#21 Hello World?

SWAMP: our brain, planetary kidney and architecture of cohabitation

Why the talk is inspiring?

This talk will be a first official presentation of “The Swamp Pavilion” – Lithuanian representation in 16th International Architecture Exhibition – La Biennale di Venezia. Nomeda and Gediminas Urbonas, curators of the pavilion will present a conceptual framework of the project and will discuss why and how the swamp is relevant today. In light of our age marked by existential threats of war and mutually assured destruction, of climate change and its enforcement of new global patterns of disaster and migration, the Swamp Pavilion interrogates the relevance of a single country’s representation when these transnational crises have become the norm.

The talk will take take place on October 12th in the National Gallery of Art, Konstitucijos ave. 22, Vilnius.

The talk will start at 20:00 and will be in Lithuanian. Event is free.

12
october
2017

Speaker

Nomeda Urbonas, Gediminas Urbonas

How the speaker is exceptional?

Nomeda and Gediminas Urbonas are artists, educators and co-founders of the Urbonas Studio, an interdisciplinary research practice that facilitates exchange amongst diverse nodes of knowledge production and artistic practice in pursuit of projects that transform civic spaces and collective imaginaries.
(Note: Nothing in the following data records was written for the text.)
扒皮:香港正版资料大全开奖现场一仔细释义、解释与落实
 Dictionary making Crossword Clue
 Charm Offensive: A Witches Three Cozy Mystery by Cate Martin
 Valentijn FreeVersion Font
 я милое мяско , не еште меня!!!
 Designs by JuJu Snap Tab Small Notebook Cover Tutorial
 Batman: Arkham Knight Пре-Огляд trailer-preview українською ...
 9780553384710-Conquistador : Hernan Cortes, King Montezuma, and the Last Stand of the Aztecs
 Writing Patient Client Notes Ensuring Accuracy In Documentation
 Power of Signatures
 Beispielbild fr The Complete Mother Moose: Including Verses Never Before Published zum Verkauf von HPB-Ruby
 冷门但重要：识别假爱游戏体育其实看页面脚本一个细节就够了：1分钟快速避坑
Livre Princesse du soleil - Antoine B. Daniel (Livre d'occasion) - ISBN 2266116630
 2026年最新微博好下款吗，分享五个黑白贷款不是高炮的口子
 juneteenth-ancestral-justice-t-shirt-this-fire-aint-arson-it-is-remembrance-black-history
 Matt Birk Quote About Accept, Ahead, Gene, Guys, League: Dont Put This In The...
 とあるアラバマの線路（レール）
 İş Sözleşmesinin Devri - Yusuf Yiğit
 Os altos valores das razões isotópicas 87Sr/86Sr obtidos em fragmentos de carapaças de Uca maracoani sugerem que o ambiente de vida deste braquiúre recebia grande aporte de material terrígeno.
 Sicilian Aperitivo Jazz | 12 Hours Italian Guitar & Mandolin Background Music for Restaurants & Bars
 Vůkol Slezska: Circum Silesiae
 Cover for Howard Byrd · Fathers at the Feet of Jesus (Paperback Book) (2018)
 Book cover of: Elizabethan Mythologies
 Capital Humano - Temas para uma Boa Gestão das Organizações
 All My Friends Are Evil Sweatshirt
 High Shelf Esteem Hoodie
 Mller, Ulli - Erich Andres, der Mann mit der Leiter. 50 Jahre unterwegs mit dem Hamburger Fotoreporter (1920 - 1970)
Urbonas’s work has been exhibited at the Sao Paulo, Berlin, Moscow, Lyon, and Gwangju Biennales; the Manifesta and Documenta exhibitions; in solo shows at the Lithuanian Pavilion in 52nd Venice Biennale (2007) and MACBA in Barcelona (2008) among others. Gediminas co-edited the volume Public Space? Lost and Found (SA+P Press and MIT Press 2017), which brings together artists, planners and theorists in an examination of the complex inter-relations between the creation and uses of public space and the roles that public art plays therein. Urbonas Studio is currently working on Zooetics – a research project that explores the potential to connect with the noethics and poetics of non-human life in the context of the planetary ecological imbalance. Gediminas is Associate Professor and Director at the MIT Program in Art, Culture and Technology in the School of Architecture and Planning. Nomeda is a MIT research affiliate and PhD researcher at the NTNU, Norway.